Stats: Using P-Values in Alteryx

by Ana-Casiana Tarita

What is a P-Value?

A P-value, also known as a probability value, is a numerical indicator of how likely it is for the facts that you have to be the result of random chance (i.e. that the null hypothesis is true). A p-value between 0 and 1 is frequently used to represent the degree of statistical significance. The evidence to reject the null hypothesis is stronger when the p-value is lower.

When can we use it?

A p-value is typically used to test the null hypothesis. The null hypothesis suggest that there is no correlation between the variables being investigated.

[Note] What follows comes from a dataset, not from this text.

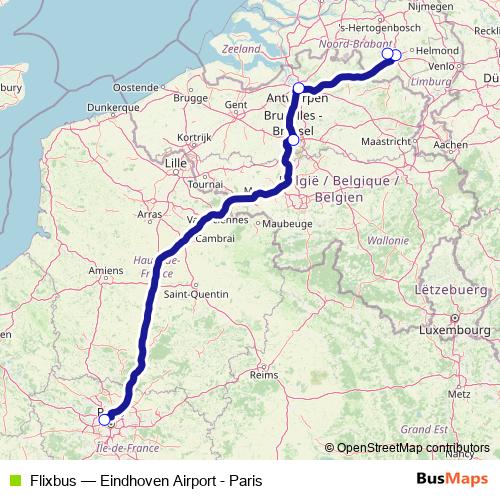 Flixbus bus Line Map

If the null hypothesis will be rejected in favor of our alternative hypothesis, our p-value is determined to be significant . If not, we don't reject the hypothesis.

The easiest way to find out the P-Value is to use the Association Analysis tool. You can select here the fields that you want to see correlations between.

In today's session we've used the "Iris Clean" dataset. Then, we've dragged a  Association Analysis tool so we can configure the pearson correlation.

Then, I've put the target fields to be measured with the pearson product-moment correlation and put two browse tools near for the final view.

The graph from above is like a heatmap with values between -1-+1. The blue color represent small values and red color represent the high values.

By clicking on a square in the heatmap you can have the relationship to appear on the right chart. The right graph illustrates the width and the length of a sepal and petal, two plant parts.